Terreno 4. Volta da Moura-Rio Tinto:

– Uso florestal: parte da parcela está ocupada por uma massa de frondosas autóctones sem nenhum tipo de gestão. A parte norte está rozada, é de supor que a gestão a faz a propriedade do prédio adjacente.

– Estremas: a parcela está claramente deslindada, parte por uma pista do polígono industrial e parte por um muro de granito».

Quinto. O 22.8.2025 notificou-se-lhe o acordo de início à Câmara municipal de Salceda de Caselas, deu-se-lhe um período de audiência de um mês e remeteu-se-lhe o edito para a sua exposição no tabuleiro de anúncios da Câmara municipal e nos lugares de costume da freguesia de Santo Estevo de Budiño para o conhecimento de interessados em geral.

O 26.8.2025 notifica-se o acordo de início à CMVMC de Budiño e dá-se-lhe um período de audiência de um mês.

O 22.9.2025, a Câmara municipal de Salceda de Caselas remeteu o certificado de publicação no tabuleiro anúncios da sede electrónica da Câmara municipal.
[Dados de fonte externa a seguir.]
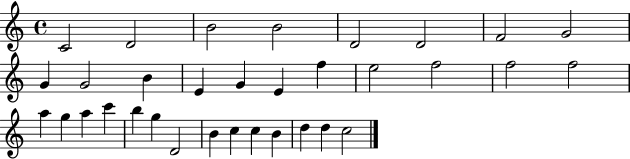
{
  \clef treble
  \time 4/4
  \defaultTimeSignature
  \key c \major
  c'2 d'2 | b'2 b'2 | d'2 d'2 | f'2 g'2 | \break g'4 g'2 b'4 | e'4 g'4 e'4 f''4 | e''2 f''2 | f''2 f''2 | \break a''4 g''4 a''4 c'''4 | b''4 g''4 d'2 | b'4 c''4 c''4 b'4 | d''4 d''4 c''2 | \break \bar "|."
}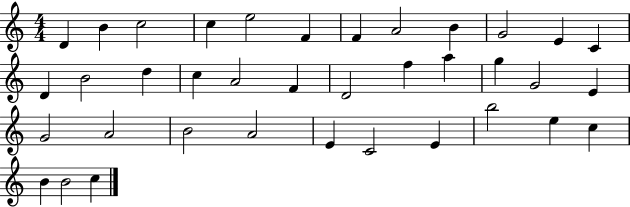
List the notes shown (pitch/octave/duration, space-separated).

D4/q B4/q C5/h C5/q E5/h F4/q F4/q A4/h B4/q G4/h E4/q C4/q D4/q B4/h D5/q C5/q A4/h F4/q D4/h F5/q A5/q G5/q G4/h E4/q G4/h A4/h B4/h A4/h E4/q C4/h E4/q B5/h E5/q C5/q B4/q B4/h C5/q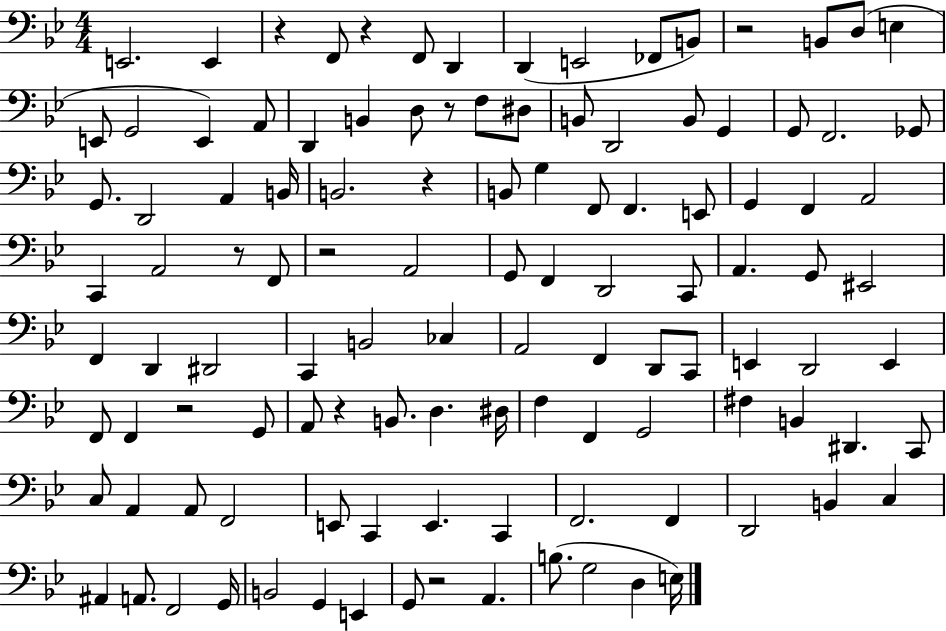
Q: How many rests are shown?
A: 10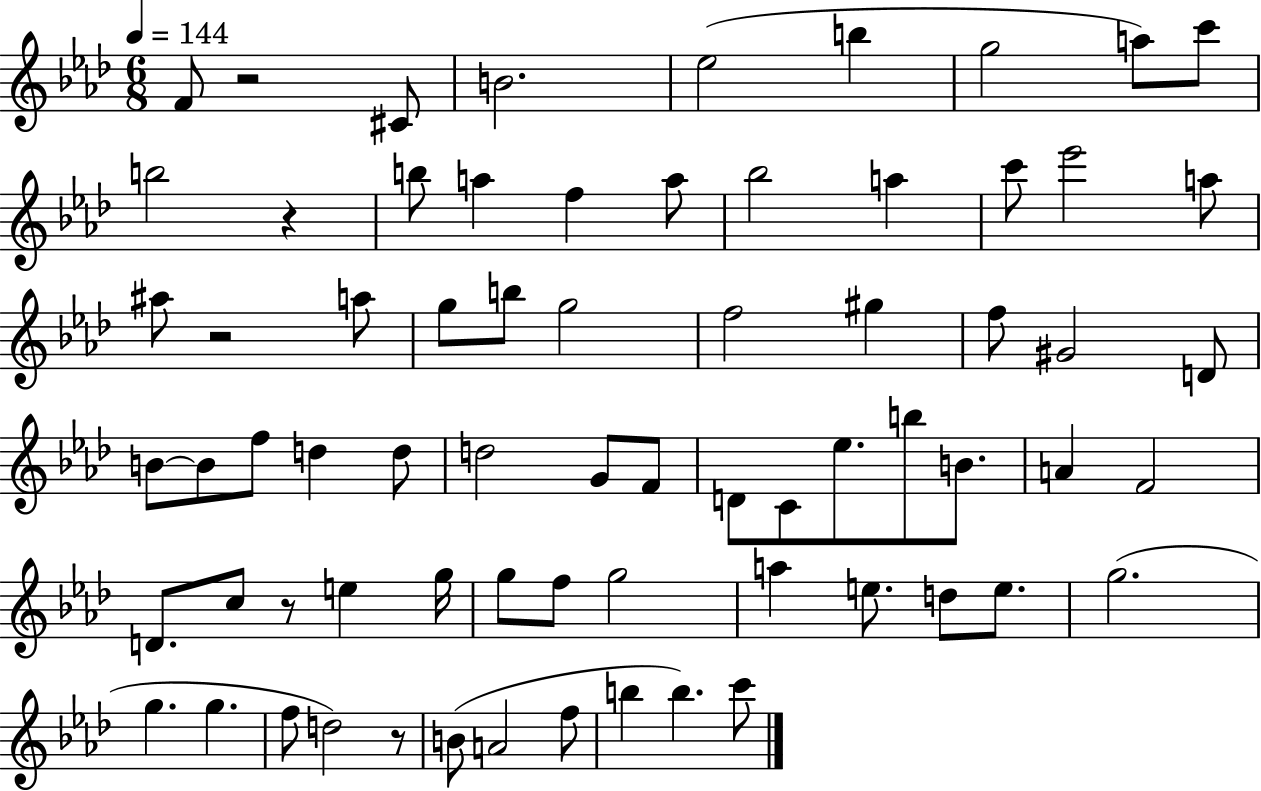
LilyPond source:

{
  \clef treble
  \numericTimeSignature
  \time 6/8
  \key aes \major
  \tempo 4 = 144
  f'8 r2 cis'8 | b'2. | ees''2( b''4 | g''2 a''8) c'''8 | \break b''2 r4 | b''8 a''4 f''4 a''8 | bes''2 a''4 | c'''8 ees'''2 a''8 | \break ais''8 r2 a''8 | g''8 b''8 g''2 | f''2 gis''4 | f''8 gis'2 d'8 | \break b'8~~ b'8 f''8 d''4 d''8 | d''2 g'8 f'8 | d'8 c'8 ees''8. b''8 b'8. | a'4 f'2 | \break d'8. c''8 r8 e''4 g''16 | g''8 f''8 g''2 | a''4 e''8. d''8 e''8. | g''2.( | \break g''4. g''4. | f''8 d''2) r8 | b'8( a'2 f''8 | b''4 b''4.) c'''8 | \break \bar "|."
}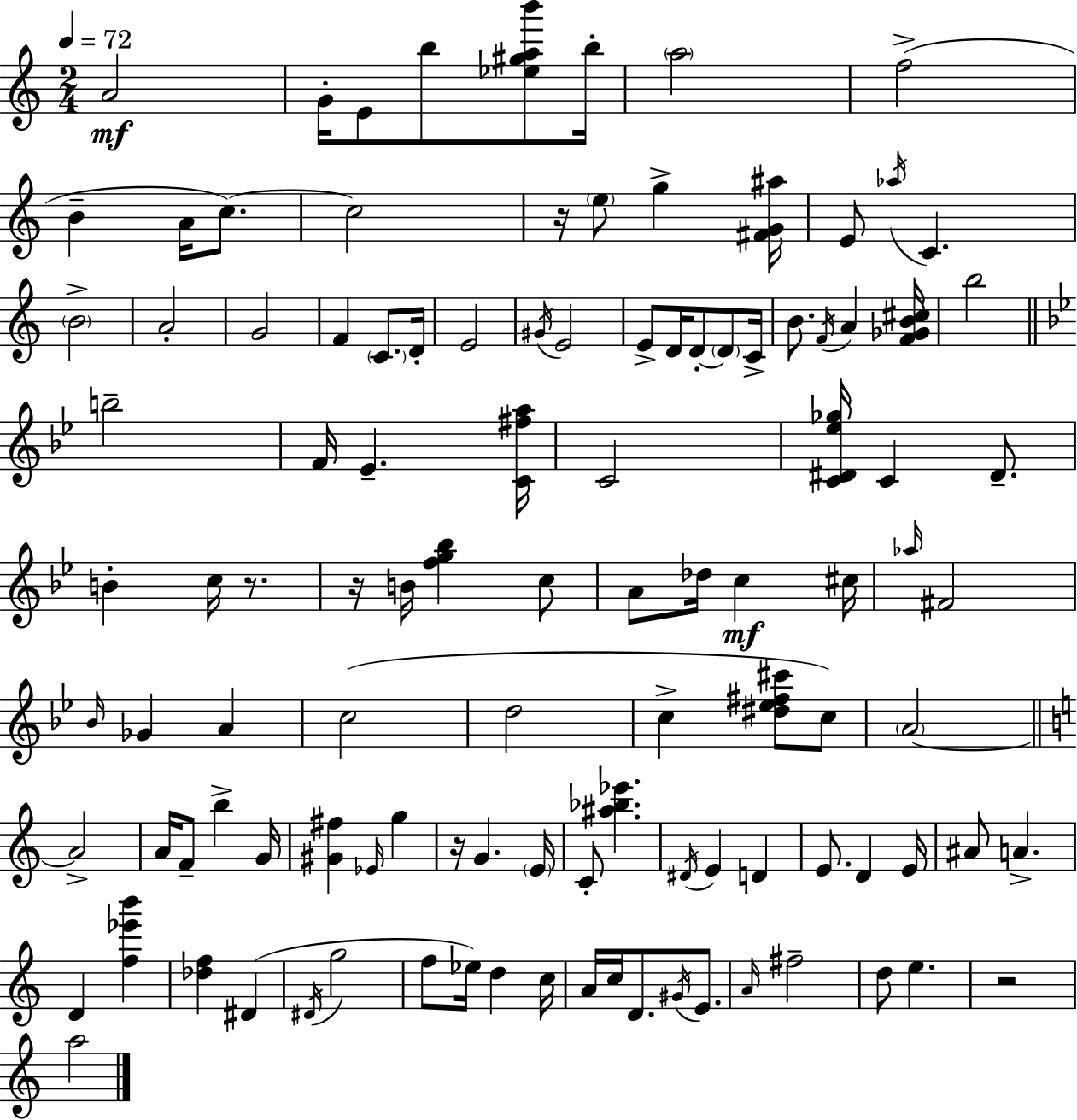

O 16.9.2025 publicou-se o Anúncio de 22 de agosto de 2025, do Jurado Provincial de Classificação de Montes Vicinais em mãos Comum de Pontevedra, pelo que se publica o acordo de iniciação do expediente de classificação dos montes Cucos ou Cochos, Cultural, Coto, Trepando e Pedreira, Volta da Moura e Volta da Moura Rio Tinto, a favor da Comunidade de Montes Vicinais em mãos Comum de Budiño (Santo Estevo), (DOG núm.1 78, de 16 de setembro).

Durante todo o período de audiência não se receberam alegações.

Fundamentos de direito:

Primeiro. O Júri Provincial de Classificação de Montes Vicinais em mãos Comum é competente para conhecer os expedientes de classificação (art. 9 da LMVMC).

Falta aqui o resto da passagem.